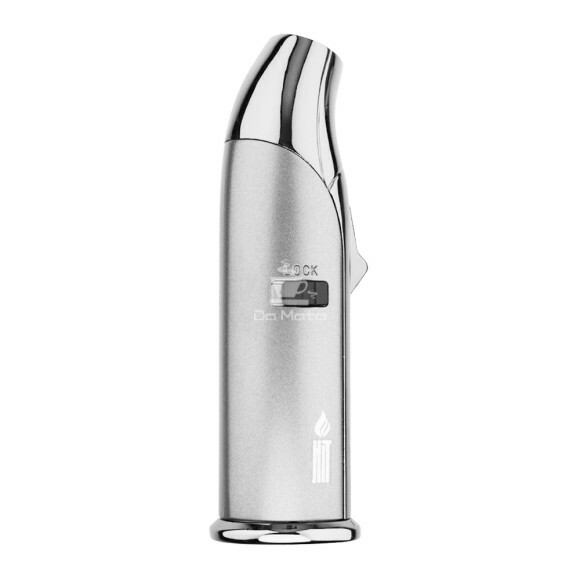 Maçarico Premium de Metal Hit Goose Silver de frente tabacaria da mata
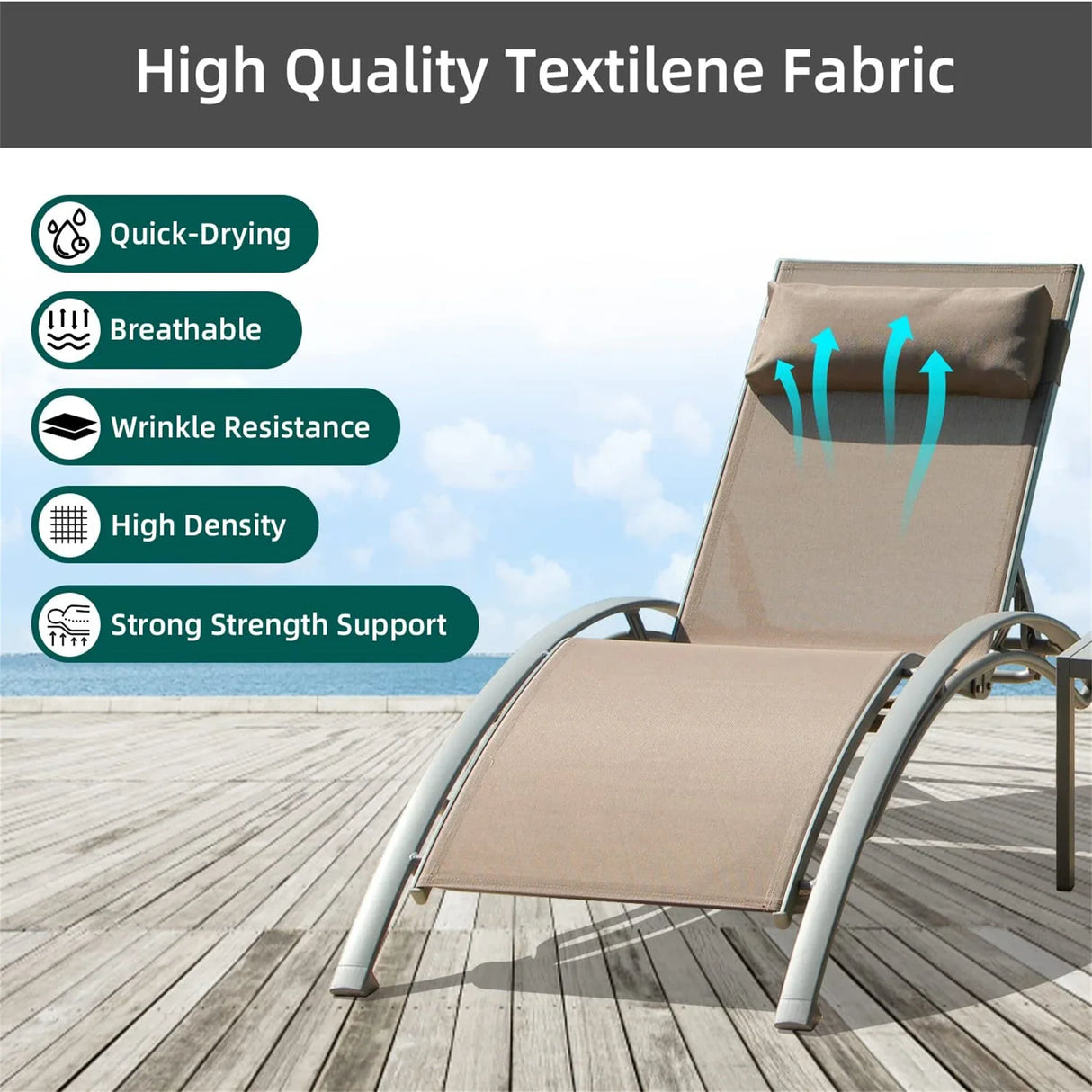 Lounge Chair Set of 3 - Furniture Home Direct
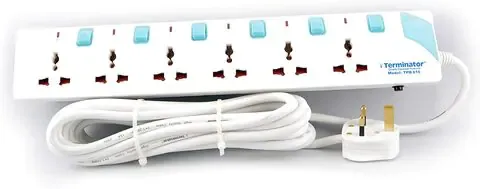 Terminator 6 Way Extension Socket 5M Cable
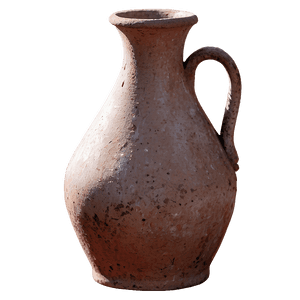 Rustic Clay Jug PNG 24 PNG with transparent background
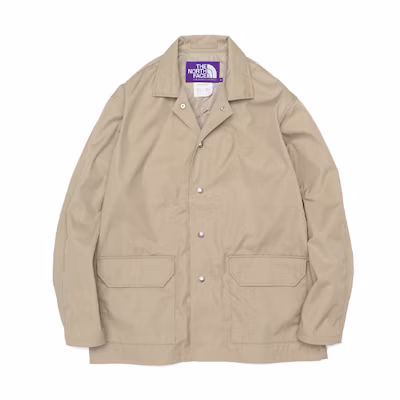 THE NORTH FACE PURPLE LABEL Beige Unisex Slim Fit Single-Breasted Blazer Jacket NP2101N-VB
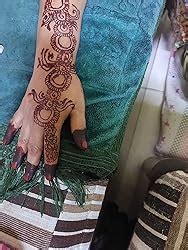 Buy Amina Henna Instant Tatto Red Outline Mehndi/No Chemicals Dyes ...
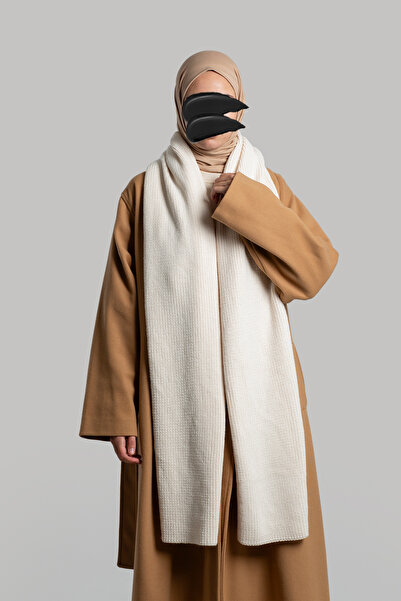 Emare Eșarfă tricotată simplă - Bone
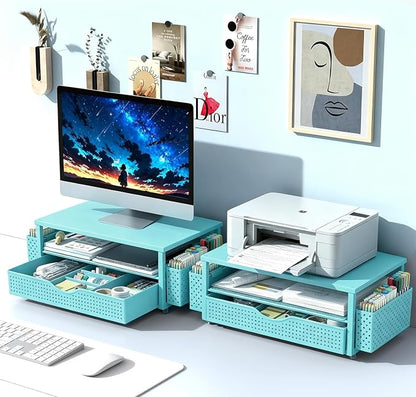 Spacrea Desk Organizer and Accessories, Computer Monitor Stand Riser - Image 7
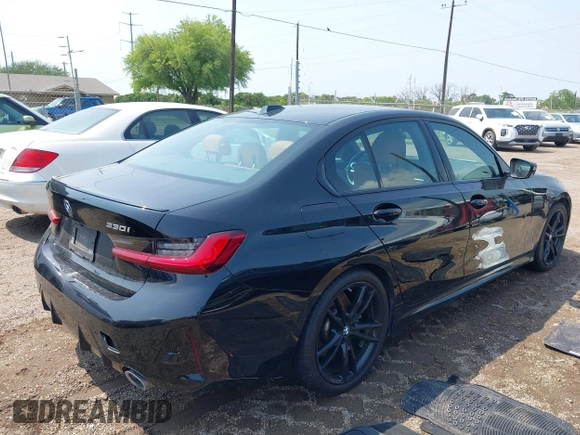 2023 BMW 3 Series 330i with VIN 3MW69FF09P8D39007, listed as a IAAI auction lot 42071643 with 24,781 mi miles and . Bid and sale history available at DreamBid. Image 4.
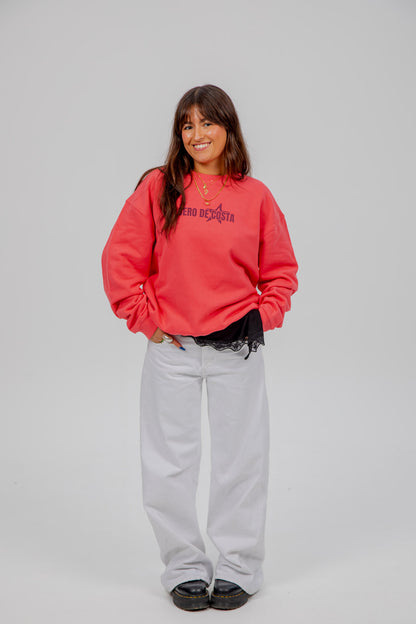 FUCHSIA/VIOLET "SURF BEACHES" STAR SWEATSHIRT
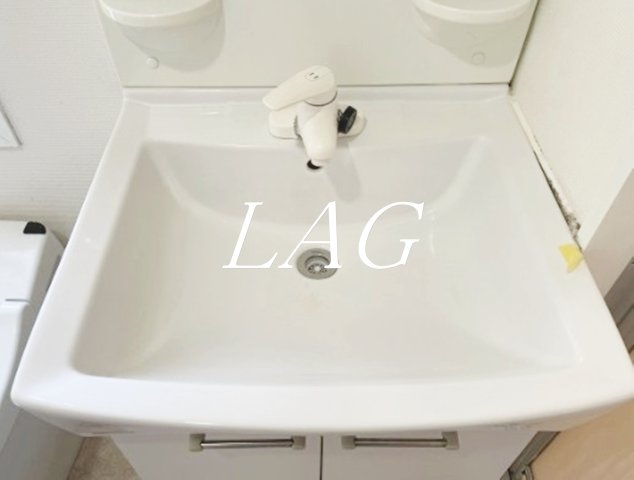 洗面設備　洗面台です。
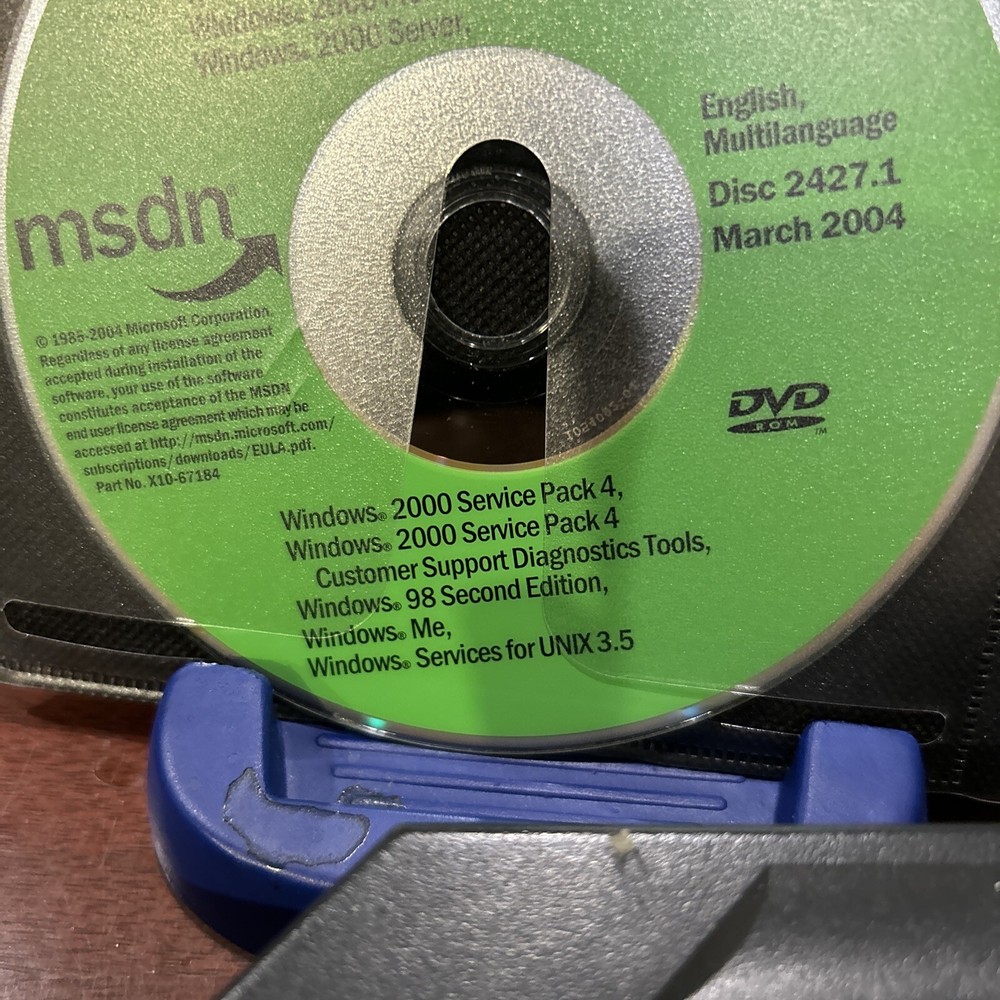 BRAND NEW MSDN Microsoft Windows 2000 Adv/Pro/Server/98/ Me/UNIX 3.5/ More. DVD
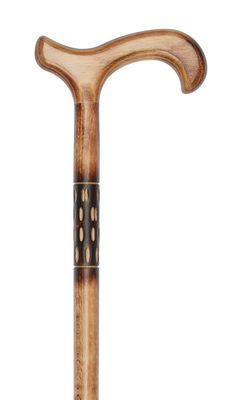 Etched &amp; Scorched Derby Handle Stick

• • • • •

**What you will do:**
Write out all the entries exactly, except for the pictures.

**Solution for this exercise:**
 Maçarico Premium de Metal Hit Goose Silver de frente tabacaria da mata
 Lounge Chair Set of 3 - Furniture Home Direct
 Terminator 6 Way Extension Socket 5M Cable
 Rustic Clay Jug PNG 24 PNG with transparent background
 THE NORTH FACE PURPLE LABEL Beige Unisex Slim Fit Single-Breasted Blazer Jacket NP2101N-VB
 Buy Amina Henna Instant Tatto Red Outline Mehndi/No Chemicals Dyes ...
 Emare Eșarfă tricotată simplă - Bone
 Spacrea Desk Organizer and Accessories, Computer Monitor Stand Riser - Image 7
 2023 BMW 3 Series 330i with VIN 3MW69FF09P8D39007, listed as a IAAI auction lot 42071643 with 24,781 mi miles and . Bid and sale history available at DreamBid. Image 4.
 FUCHSIA/VIOLET "SURF BEACHES" STAR SWEATSHIRT
 洗面設備　洗面台です。
 BRAND NEW MSDN Microsoft Windows 2000 Adv/Pro/Server/98/ Me/UNIX 3.5/ More. DVD
 Etched &amp; Scorched Derby Handle Stick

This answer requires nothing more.